Nothing in this life is meant for you to be in that role 24/7. Read that one more time…. Nothing in this life requires you to be in a role 24/7. You might think, “how is that so? Since we are mothers for life?” We have a title of mom for life, but we are not a mom role all day. Just like we aren’t in “work” mode all day or entrepreneur mode all day, we aren’t moms all day.
We feel guilty because once long ago, there were these standards that were set by, I don’t know who. These standards say that if we work or have a business, then we must immediately go home and be a mom after we are done with our day. If not, somehow, we are failing…… sound familiar? Or if you aren’t spending every living waking moment with your children somehow, that makes you a bad mom. Well, I am here to tell you that it is not the case, and you are among the many women that feel the guilt.

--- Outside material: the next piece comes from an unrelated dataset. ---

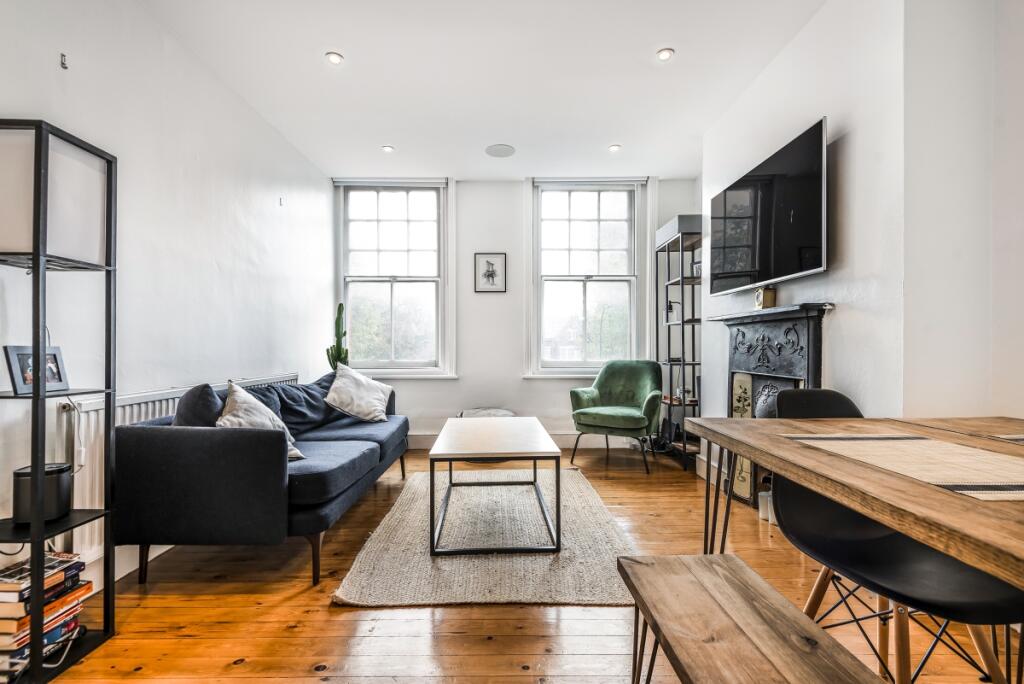 2 bed 1st Floor Flat for rent in London. From Kinleigh Folkard & Hayward - Lettings - Clapham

This is how I categorize. In life, we play many roles. I am Damari first, then a mom, then a girlfriend, a daughter, a sister, an aunt, a friend, a business owner, a tax accountant, a mentor, a teacher, a student, etc.….. I mean, the list can go on. Here is what I realized. I can’t be all those things at once. And that is ok. There is nothing wrong with me, and there is nothing to feel guilty about. Why? Because when I play any given role, I give it my all. Some things are not as important as others. When I am called to be there for my babies and give them my undivided attention, I do so. When I need to finish work, and I have to dedicate late hours to complete something, then I do so.

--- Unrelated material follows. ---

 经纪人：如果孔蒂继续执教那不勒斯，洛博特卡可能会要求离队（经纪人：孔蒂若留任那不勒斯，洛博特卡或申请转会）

All roles in this life require balance. I know that word gets tossed around a lot, so how can we apply it to our lives. First, know that your child is not going to fall apart if you aren’t there every single minute of every day. Second, putting yourself first is not selfish. Women eventually burn out, hate everyone and everything, and ultimately feel resentment towards any given role you have dedicated more time to than needed, including motherhood.

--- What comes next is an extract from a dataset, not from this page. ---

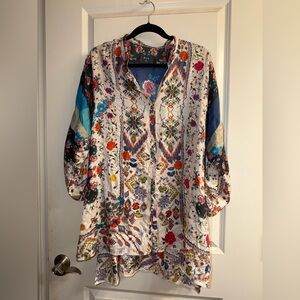 Johnny Was Silk Floral Patterned Tunic Blouse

My suggestion, set boundaries for yourself and in each role. Set expectations and boundaries for those around you that “expect” for you to be in any given role. Here is an example. Most of you know that I hold a role as a Tax Accountant. This means that I am in work mode between Jan-April, biz mode for most of the day. This means my kids start feeling like they are taking the back seat. And although that is partly true, given that there isn’t an emergency or a kid’s event, then chances are I am working. Well, guess what. I have a conversation with them about this “season” that doesn’t last. We compromise. The compromise is I take them to school in the morning and that I am here to put them to bed.
For those of you who have a 9-5 and feel guilty about needing time to yourself. Let me start by telling you that if you need permission, here it is. YOU ARE ALLOWED TIME TO YOURSELF. Nothing is worse than being a raging bitch to your spouse, kids, loved ones… because you just need a break. The only person that can give that to you is you! When I need time to myself, I either schedule it or see who can help me to make it happen.
And ladies, I know that your partner, spouse or MIL, or whoever can’t clean or wash dishes or do whatever you do and do it like you. Let that shit go. Dishes can be done when they get done. What I ask that you keep in mind is that some roles are more critical than others. And the most important role you have is a relationship with yourself. Understanding that although we are badass women who can do it all, we can also take time off and rest.